Ancak, bir düşünce bozukluğu belirtileri vardı. Düzenli olarak psikoz unsurları yaşadı. Depresyondaydı. Zekiydi, zekiydi, şiirseldi... ve çalışma dünyasının taleplerinden tamamen kopuktu. Ve genetik bağı vardı. Bazı araştırmalar, şizofreninin genetik kalıtsal oranının yüzde 80 civarında olduğu sonucuna varıyor.
Söyleyecek doğru kelimeleri bulmak için beynimi zorlayarak ona baktım. Bir insan böyle bir soruyla nasıl boğuşabilir?
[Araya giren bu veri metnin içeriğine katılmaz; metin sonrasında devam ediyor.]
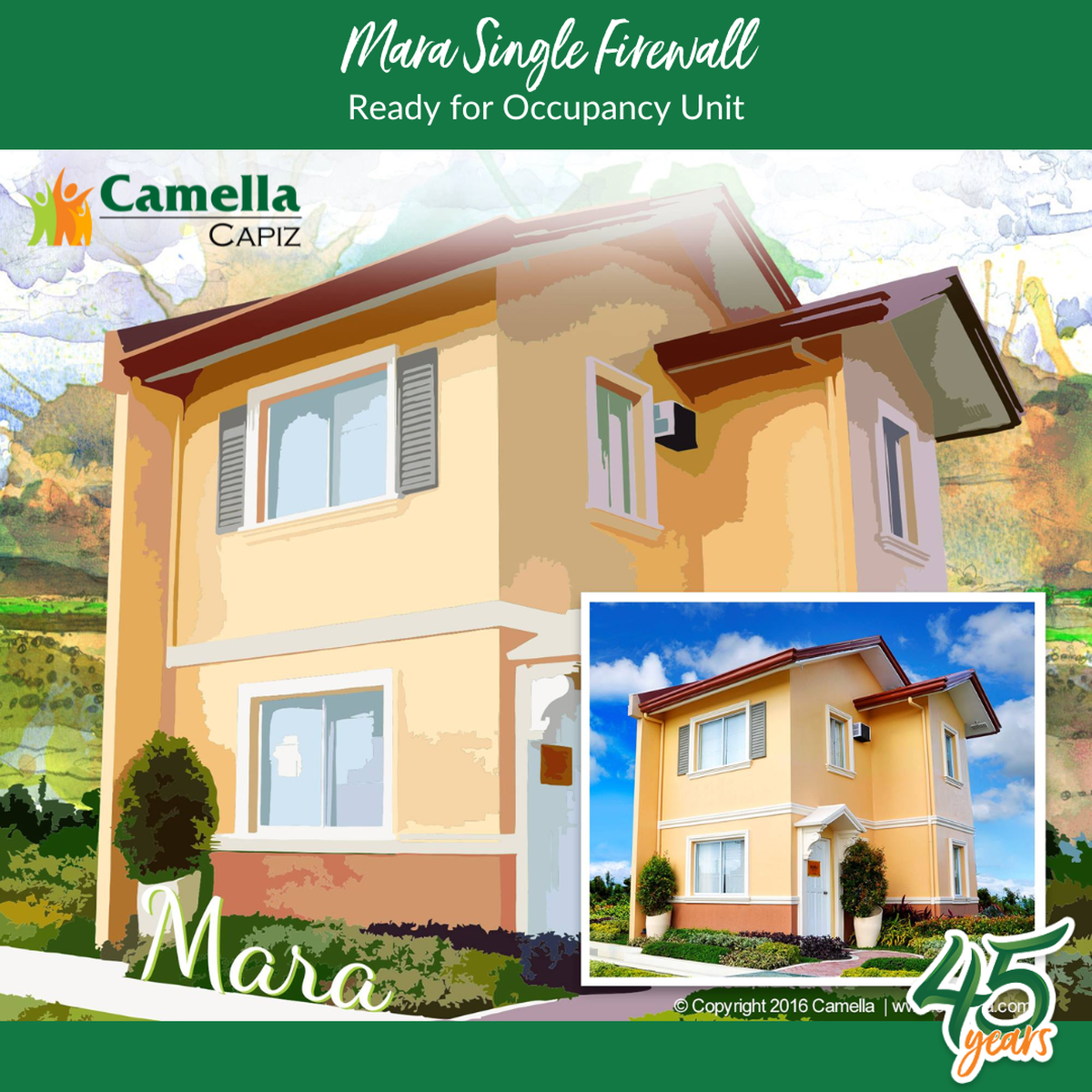 3bedroom Single Attached House For Sale in Roxas City Capiz [House and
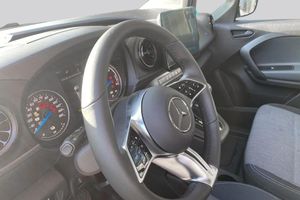 Mercedes eCitan bild 10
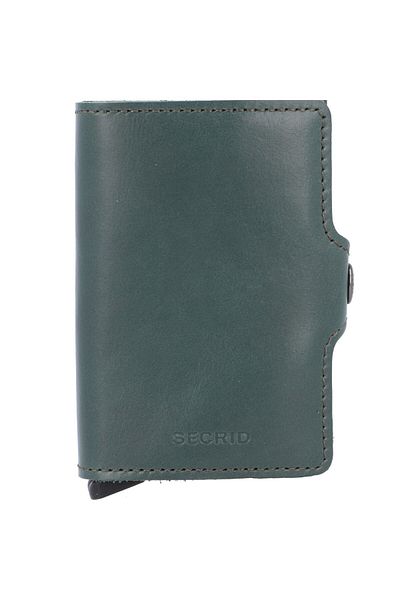 Secrid Twinwallet Original credit card case wallet RFID leather 6.5 cm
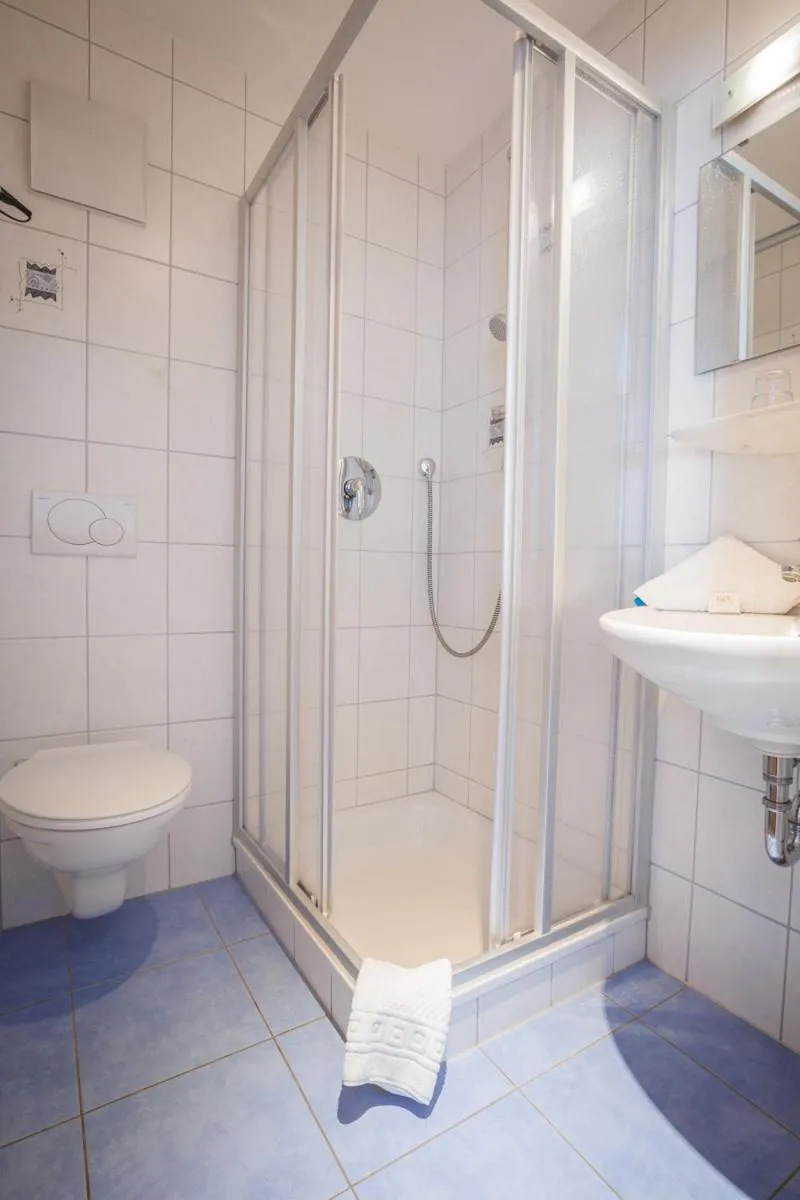 Strandpension Mäder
Sonunda, robotik ve güvenli bir profesyonel konuşmaya karar verdim. Bir bozukluk yalnızca günlük işleyişinizi etkilediğinde bir bozukluktur. Bu bozukluğun günlük işleyişinizi ne ölçüde etkilediğini düşünüyorsunuz? Benim profesyonel görüşüm, semptomlarınızı takip etmeniz ve artıp artmadığına bakmanızdır; eğer öyleyse, ilaç gerekli olabilir. Sonra aklıma geldi…
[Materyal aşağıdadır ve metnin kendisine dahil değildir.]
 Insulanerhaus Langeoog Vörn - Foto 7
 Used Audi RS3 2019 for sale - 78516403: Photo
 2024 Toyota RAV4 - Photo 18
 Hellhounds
Kendimden, 7 yaşında. DEHB teşhisi konuldu ve tedavi edildim çünkü günde 8 saat boyunca kendime tahsis edilen koltuğumda hareketsiz oturamıyordum ve pasif bir şekilde bilgi özümsüyordum, tek yapmak istediğim ise dışarı koşmak, arkadaşlarım ve ben kurtmuşuz gibi davranmak ve taleplerden kaçmaktı. anaokulu. Çocuk Yuvası.Ve bu benim hatam mıydı, beynimin kimyasal dengesizliği? Yürütme işlevimde bir arıza, uyumsuz ve düzensiz? Her ne kadar bu kadar genç yaşta ilaç tedavisinin pek çok yönden faydasını görsem de, özgüven oluşturma, akademik ve mesleki ortamlarda performans gösterme, etiketlenmek ve içinde yaşamak yerine aklımı yapmam gereken şeylere odaklama açısından. uzaylı, tembel, DEHB'li çocuk klişesi… Hep merak içinde bırakıldım. DEHB tam olarak nedir? Beynimdeki bu sorun nedir? Bu benim suçum mu yoksa öğrenme tarzlarındaki farklılıkları hesaba katmayan, çocukları kalıba sokmak için büken ve kıran, aykırı değerleri etiketleyen, herkese uyan tek tip bir eğitim yaklaşımı olan bir toplum mu? DEHB? İkisinin karışımı mı? Ve bu benzer düşünce tarzı, DSM-5'te özetlenen diğer bozukluklar için ne ölçüde geçerlidir? Devam edemezsen, bir şeyin var mı?
Dünyada var olma şeklinizin bir düzensizlik olduğunun, zihnin oyunlar oynadığının söylenmesi ne kadar korkunç? Gerçekliğe olan hakimiyetinizin en iyi ihtimalle zayıf olduğunu. Annie'nin anlattığı bu hikayeler gibi, deneyimini kelimelere dökmek için… Etiket sizi kafesliyor mu? Yoksa sizi özgürleştiriyor mu?
Tüm bunları şunu söylemek için yazıyorum… Hâlâ o ipte yürürken dengemi bulmaya çalışıyorum.